This year’s TMN 30 Under 30 Awards are made possible thanks to six incredible sponsors, including APRA AMCOS, Eventbrite, MTV, Sony Music, Universal Music and Warner Music.
Michael McGahan, Live Nation
The music industry in the internet age is still valuable, but the challenging lies in a better distribution of this value to a wider reach of artists, professionals and organisations.
The social media age has brought with it a saturation of outstanding talent to mainstream eyes and ears.
Music as an art form has become more of a competitive space than ever before – consumers are spoilt for choice when it comes to recorded and live music. Especially when it comes to live touring, artists who want to play for their fans around the world are faced with the challenge of increasing touring costs and a saturated market.
More ‘good’ music to choose from is a wonderful thing, but the challenge lies in identifying ways of generating ancillary revenue in order to make touring feasible. Examples include brand partnerships that help make it possible to bring music to the masses or unique fan experiences curated with the aim of unlocking more value across more consumer touchpoints.
Finally, I believe the live music industry, in particular, is thriving but in a volatile 21st century, external and environmental factors could quickly and easily stifle consumers’ access to live music.
We’re challenged with building a system robust enough to withstand this volatility and uncertainty, because live music has always been, and should always be open and affordable to everyone.
Samantha Kariyawasam, Sony Music
My role at Sony requires me to focus solely on Hip-Hop, R&B and Korean artists.
At present, outside of streaming platforms, there are very few media outlets that will recognise my artists without a tokenistic approach – whether it be radio, online, TV etc.
I am absolutely living for the new social platforms popping up that are introducing the younger generation to songs that might not otherwise be getting playlisting or airplay. I’m excited to see the industry try and keep up with what the kids are into to further the reach of artists!
The workforce in Australia’s music industry doesn’t presently reflect Australia’s multicultural population.
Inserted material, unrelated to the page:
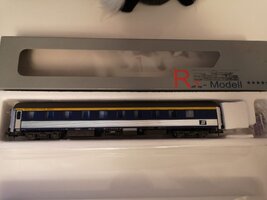IMG-20201121-WA0003.jpg
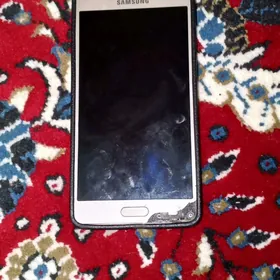 Samsung a5 2015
It’s important labels, agencies, and promoters make an active effort to be more inclusive as the new crop of talent from diverse backgrounds need to see themselves reflected within the teams they’re working with.
Will Blackburn, Universal Music / BRING
From an agency perspective, one of the biggest challenges are brands that badge artist culture – but do not contribute to the conversation.
But this also presents an opportunity for agencies like BRING to consider new creative approaches to artist and brand marketing which benefits everyone.
This industry is also challenged by brands’ desire for immediate reach over artist relevance. Too often we see artists boiled down simply to their social and streaming numbers by marketers, instead of considering the benefits of a long-sighted, nurtured partnership which may take a bit more time, but will pay off ten-fold for brands later down the track.
A huge opportunity in my work is to better educate brands on the importance of investing in an artist for the long run, not just a flash in the pan once they’re hot.